There are also moments that hark back to previous work, particularly in the case of Coogan. The ghost of Partridge inevitably hangs over everything he does, especially in a lovely scene towards the end of the episode, which sees him walking down a busy road. If he’d sung Goldfinger, we’d be right back at the Linton Travel Tavern. Then there are the odd mannerisms and quirks which blur the line between Partridge and Coogan that pop up from time to time. Splitting a fee 60/40, acting decidedly awkward around Rob’s family, to name a couple.

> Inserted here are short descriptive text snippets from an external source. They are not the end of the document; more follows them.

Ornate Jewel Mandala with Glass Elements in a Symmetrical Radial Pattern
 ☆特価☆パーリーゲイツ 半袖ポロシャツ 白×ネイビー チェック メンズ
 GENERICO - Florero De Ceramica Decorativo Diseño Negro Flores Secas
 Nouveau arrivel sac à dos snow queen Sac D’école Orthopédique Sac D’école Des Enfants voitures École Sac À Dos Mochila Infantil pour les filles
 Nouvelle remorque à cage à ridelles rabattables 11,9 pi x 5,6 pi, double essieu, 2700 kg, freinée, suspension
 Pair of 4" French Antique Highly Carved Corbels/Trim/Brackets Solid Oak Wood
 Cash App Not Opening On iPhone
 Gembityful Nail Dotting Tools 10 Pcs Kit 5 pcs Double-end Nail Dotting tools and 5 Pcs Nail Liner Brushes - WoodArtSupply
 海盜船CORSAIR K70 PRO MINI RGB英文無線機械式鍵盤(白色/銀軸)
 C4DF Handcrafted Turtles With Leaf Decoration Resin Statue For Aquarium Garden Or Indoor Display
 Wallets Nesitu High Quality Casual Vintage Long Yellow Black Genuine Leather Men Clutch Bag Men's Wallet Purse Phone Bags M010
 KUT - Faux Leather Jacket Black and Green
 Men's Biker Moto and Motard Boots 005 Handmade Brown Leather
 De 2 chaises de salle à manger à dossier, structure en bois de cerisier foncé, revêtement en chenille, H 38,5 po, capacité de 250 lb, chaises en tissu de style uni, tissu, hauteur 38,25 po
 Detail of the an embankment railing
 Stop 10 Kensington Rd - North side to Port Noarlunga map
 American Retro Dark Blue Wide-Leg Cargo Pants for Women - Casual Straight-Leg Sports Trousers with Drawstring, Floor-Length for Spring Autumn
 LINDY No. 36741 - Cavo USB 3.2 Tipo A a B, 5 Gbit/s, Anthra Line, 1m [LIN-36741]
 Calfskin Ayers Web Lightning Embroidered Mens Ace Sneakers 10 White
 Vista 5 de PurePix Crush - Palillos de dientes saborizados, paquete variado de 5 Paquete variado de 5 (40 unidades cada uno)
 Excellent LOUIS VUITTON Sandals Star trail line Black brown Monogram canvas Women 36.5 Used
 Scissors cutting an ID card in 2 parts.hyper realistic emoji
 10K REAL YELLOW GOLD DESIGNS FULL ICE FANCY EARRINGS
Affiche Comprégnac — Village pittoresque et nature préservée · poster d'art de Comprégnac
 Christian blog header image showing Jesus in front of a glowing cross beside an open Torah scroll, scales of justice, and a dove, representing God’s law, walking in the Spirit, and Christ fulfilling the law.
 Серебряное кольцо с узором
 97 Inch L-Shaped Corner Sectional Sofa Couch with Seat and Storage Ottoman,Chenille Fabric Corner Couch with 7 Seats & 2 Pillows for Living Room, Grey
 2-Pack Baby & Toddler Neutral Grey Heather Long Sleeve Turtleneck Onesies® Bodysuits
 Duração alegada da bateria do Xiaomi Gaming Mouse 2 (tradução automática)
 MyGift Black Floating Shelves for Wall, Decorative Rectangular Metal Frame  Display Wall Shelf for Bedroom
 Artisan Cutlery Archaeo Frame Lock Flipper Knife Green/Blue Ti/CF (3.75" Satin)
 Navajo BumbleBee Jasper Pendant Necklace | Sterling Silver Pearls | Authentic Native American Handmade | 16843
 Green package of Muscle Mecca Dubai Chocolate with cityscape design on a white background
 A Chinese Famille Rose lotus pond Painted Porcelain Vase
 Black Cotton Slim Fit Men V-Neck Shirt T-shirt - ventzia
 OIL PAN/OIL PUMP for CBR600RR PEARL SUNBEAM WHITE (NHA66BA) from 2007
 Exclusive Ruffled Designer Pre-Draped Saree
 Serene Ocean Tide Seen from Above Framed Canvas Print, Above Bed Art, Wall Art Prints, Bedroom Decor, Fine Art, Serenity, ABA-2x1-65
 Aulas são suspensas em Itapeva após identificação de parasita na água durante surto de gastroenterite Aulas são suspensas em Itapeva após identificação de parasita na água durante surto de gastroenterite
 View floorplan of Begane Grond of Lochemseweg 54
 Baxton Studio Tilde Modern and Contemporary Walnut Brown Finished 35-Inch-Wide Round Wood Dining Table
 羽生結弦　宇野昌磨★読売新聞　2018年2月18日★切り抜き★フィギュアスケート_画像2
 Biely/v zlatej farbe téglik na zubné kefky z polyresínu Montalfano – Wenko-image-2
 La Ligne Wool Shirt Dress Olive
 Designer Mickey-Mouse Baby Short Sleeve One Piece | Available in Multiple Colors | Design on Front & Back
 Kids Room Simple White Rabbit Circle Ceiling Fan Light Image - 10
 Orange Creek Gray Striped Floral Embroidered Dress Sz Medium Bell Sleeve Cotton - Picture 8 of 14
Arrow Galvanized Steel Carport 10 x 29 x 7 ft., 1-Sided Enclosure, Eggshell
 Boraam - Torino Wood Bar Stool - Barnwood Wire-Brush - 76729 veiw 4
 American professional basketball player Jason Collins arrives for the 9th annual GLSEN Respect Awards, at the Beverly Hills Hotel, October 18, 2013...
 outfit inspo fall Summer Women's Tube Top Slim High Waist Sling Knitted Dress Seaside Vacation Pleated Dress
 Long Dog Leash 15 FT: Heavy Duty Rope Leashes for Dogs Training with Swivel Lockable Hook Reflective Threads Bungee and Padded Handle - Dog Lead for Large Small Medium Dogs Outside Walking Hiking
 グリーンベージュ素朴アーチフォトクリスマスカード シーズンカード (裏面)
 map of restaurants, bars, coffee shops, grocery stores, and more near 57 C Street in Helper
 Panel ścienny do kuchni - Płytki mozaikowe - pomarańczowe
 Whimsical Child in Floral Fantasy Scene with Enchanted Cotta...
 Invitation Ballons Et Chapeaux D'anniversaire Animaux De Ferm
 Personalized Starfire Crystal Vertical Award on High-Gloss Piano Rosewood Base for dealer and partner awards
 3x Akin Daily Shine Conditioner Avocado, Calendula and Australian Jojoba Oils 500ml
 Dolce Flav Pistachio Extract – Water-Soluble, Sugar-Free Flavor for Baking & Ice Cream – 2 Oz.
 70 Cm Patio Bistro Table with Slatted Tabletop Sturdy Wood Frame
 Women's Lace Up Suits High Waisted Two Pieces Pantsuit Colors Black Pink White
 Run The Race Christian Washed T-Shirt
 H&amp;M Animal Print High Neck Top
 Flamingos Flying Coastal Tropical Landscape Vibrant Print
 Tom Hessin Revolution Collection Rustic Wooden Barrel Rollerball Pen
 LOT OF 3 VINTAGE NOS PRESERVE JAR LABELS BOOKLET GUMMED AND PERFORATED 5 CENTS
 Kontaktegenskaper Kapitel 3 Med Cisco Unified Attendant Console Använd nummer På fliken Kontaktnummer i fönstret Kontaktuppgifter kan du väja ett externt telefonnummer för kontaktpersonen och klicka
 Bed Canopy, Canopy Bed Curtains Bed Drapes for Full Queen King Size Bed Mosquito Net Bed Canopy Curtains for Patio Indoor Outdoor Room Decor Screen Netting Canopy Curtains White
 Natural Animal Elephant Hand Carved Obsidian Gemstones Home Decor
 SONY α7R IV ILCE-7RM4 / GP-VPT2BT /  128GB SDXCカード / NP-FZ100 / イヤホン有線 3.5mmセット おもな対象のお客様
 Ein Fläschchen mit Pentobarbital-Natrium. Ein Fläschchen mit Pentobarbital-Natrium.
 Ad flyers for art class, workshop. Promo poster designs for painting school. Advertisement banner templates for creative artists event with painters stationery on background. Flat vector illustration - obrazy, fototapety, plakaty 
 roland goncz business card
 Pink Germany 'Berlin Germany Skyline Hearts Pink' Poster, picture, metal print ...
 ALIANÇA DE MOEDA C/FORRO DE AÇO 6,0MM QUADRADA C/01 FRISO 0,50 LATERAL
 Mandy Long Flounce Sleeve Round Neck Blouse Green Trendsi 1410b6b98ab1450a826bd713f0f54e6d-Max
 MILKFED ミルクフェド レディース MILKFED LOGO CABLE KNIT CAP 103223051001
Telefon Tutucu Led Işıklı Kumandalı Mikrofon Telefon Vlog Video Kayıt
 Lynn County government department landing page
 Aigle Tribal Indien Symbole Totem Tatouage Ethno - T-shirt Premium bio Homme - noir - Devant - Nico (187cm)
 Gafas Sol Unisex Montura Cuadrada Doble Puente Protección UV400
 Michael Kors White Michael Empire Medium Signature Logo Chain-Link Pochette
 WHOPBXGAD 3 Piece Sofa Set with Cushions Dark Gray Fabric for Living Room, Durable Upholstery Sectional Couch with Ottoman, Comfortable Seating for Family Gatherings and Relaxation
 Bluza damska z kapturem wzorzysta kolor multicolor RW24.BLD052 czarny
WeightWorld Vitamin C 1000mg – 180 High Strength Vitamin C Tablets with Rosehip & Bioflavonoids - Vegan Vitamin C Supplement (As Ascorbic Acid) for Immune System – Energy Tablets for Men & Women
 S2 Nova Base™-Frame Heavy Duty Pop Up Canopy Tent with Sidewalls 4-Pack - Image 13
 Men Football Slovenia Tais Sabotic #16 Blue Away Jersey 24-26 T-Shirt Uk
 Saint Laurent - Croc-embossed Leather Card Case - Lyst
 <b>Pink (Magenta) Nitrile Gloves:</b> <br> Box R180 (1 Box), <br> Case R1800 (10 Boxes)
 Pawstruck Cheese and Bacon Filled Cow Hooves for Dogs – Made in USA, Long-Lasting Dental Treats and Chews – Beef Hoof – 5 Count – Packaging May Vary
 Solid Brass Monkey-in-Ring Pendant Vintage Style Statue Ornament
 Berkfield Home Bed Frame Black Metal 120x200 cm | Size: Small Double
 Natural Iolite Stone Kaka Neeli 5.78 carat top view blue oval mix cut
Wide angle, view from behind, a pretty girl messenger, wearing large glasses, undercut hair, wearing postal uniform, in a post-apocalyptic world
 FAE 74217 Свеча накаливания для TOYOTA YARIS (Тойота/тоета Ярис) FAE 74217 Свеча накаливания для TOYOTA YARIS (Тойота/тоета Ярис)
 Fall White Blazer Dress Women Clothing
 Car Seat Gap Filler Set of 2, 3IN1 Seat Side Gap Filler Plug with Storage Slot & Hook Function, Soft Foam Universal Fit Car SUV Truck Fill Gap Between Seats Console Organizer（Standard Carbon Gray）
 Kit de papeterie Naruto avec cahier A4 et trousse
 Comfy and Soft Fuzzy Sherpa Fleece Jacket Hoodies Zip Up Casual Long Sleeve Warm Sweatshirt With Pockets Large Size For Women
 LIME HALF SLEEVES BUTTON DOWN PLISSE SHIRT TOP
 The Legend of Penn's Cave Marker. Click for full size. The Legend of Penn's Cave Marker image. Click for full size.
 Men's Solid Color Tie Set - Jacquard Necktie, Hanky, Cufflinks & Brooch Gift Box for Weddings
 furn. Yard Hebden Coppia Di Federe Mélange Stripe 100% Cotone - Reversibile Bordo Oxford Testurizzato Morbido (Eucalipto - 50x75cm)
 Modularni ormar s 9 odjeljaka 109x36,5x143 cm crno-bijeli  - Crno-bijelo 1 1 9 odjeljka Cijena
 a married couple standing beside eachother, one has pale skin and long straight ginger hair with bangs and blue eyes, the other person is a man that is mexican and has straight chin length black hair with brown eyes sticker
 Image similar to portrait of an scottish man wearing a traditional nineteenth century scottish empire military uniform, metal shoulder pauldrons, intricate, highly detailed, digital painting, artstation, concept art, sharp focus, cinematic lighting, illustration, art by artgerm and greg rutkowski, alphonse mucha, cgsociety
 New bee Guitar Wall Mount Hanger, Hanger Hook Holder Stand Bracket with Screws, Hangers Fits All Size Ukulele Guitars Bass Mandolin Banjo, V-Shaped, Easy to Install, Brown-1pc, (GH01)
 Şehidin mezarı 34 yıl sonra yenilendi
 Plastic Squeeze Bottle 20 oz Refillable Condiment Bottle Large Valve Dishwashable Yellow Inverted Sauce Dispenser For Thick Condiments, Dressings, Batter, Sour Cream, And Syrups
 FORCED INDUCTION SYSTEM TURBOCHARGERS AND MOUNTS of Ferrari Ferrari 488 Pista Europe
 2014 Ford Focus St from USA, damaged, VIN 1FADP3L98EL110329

Indeed, Coogan’s ‘character’ here is the more fully rounded of the two, perhaps because Brydon is portrayed as being completely comfortable in his own skin, happily married with a young baby. Coogan, on the other hand, still hasn’t entirely grown up. He’s still playing the field, still something of a control freak with his troops behind him on hand to deal with issues of a single bed and offers of film work. It’s an interesting portrayal and you wonder how close to his real-life persona this really is.
Clearly uncomfortable in his own skin and apparently permanently worried about how to interact with others, all the time wanting to better his career, it’s perhaps most apparent in a lovely little scene when Brydon is left to chat with the hotel receptionist, Magda, and gets on instantly.
Coogan, meanwhile, stumbles when telling her his name (“Steve, none of this Mr Coogan nonsense”) and gives plenty of nervous ticks and little shrugs and nods here and there. Then there are the attempts to flirt with the waitress and Magda. It’s wonderful to watch and makes for a interesting juxtaposition between the two friends.
Halfway into proceedings, we get the impressions show. In fairness, it did contain many of the episode’s laugh out loud moments, Brydon’s “most obtuse segue into Ronnie Corbett” and the simply brilliant ageing Michael Caine conversation. Unfortunately, this just went on for a bit too long for me, upsetting the general free flowing nature of the show.
There was also a nice change of pace for the final few minutes. As Winterbottom made great use of framing England’s countryside, a scene of Brydon and Coogan outside gave Coogan a moment to make a pained phone call to Mischa, played by another Winterbottom alumni, 9 Songs’ Margo Stilley. All of Coogan’s insecurities are laid bare in one moment of magic, him barely hearing her on the top of a hill, she comfortable and warm in her American apartment, but clearly aggravated by his insecurities.
Presumably, the long distance relationship will be a focus of the series and it could lead to some interesting future plot points.
All in all, this was a great start that rewards repeat viewing. Lines like “You just need one film and that will propel you”, “I’ve done 10”, “You need the right film” deserve more laughs than they perhaps get first time round.
It’s an understated work of real quality from a team that really understand the medium. If you didn’t like it first time round, watch it on iPlayer and give it another chance. There is much to be admired here.